Кирилл Серебренников — один из самых известных современных режиссеров театра и кино. С нашим постоянным автором Вадимом Верником Кирилл поговорил о новом спектакле «Околоноля», жестком родительском воспитании, любви к шопингу и об отказе от мяса.
Каждая его работа вызывает невероятный ажиотаж, целую волну обсуждений. Кто-то в восторге от его режиссуры, кого-то он, наоборот, возмущает. Но в том, что Кирилл — яркая, неординарная личность и другого такого нет, уже никто не сомневается.

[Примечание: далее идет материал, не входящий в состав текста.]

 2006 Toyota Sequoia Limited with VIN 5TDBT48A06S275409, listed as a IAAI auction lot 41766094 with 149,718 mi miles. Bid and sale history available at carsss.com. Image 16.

Уже давно стало хорошим тоном пойти в театр или кино «на Серебренникова». То, что он выкинет на сей раз, трудно просчитать: непредсказуемость его приманка. Кирилл умеет быть разным — интеллектуальным и эпатажным, взрывным и умиротворенным. Я давно хотел разгадать его характер. Мы не раз общались, но никак не получалось поговорить по душам. Хорошим поводом стала наша встреча для ОК!. Из-за транспортного коллапса Кирилл на два дня застрял в аэропорту Берлина. Естественно, выглядел уставшим. Чтобы в разговоре появилась эмоция, нужен был разгон. И я четко зафиксировал для себя тот момент, когда мы наконец-то услышали друг друга.
Поводом для нашей встречи стал твой новый спектакль «Околоноля» в «Табакерке», премьера которого состоится 15 января на сцене МХТ им. Чехова. В его основе — одноименный роман, авторство которого приписывают одному из руководителей администрации президента. Наверняка будут говорить о твоей конъюнктурности...

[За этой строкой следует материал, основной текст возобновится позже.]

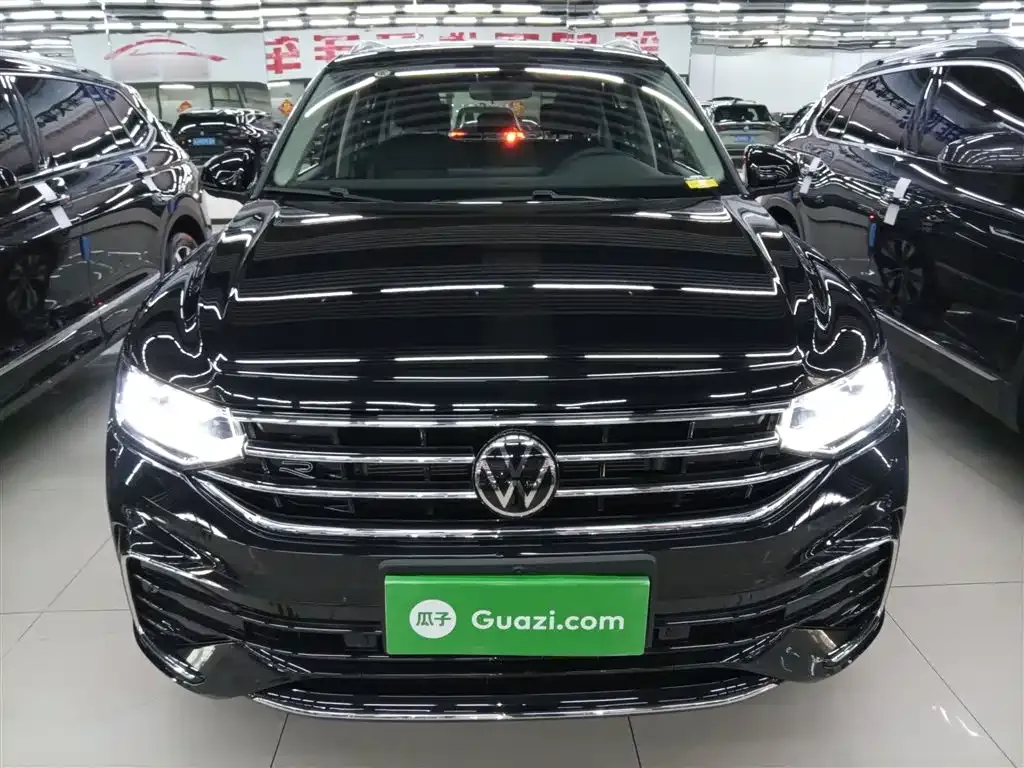 Volkswagen Tiguan L — фото 7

Это не конъюнктурный спектакль, если ты это имеешь в виду. Я не получу от него дивиденды, кроме авторского процента. Он не для наживы, скорее экспериментально-лабораторный. Никому осанну не поющий, нелицеприятно говорящий о нашем времени и о его героях. Этот роман оказался одним из немногих текстов современной литературы, который действительно возбудил мою фантазию, настроил ее, обострил. Когда я прочитал его, мне стало интересно сделать спектакль. А кто это написал — черная карлица или кремлевский чиновник... Так, может быть, еще интереснее. Когда вокруг литературы разыгрываются мистификации, мне это очень нравится.
Практически вокруг каждого твоего спектакля бесконечные мистификации, ажиотаж. Тебе это нравится?
Мне кажется, что это один из способов напомнить людям о существовании театра. И о его игровой, легкой природе. Театр должен быть на устах, люди должны про него говорить. Хотя телевидение доказывает, что это можно делать и более легким способом — показать голую задницу.
Ты это тоже делаешь.
Прием настолько стар, что не всегда работает. Но если найдется красивая задница и соответствующий ей материал, сделаю обязательно... Проблема обнаженного тела на сцене мной еще для себя не решена. Скоро, надеюсь, займусь этим поплотнее.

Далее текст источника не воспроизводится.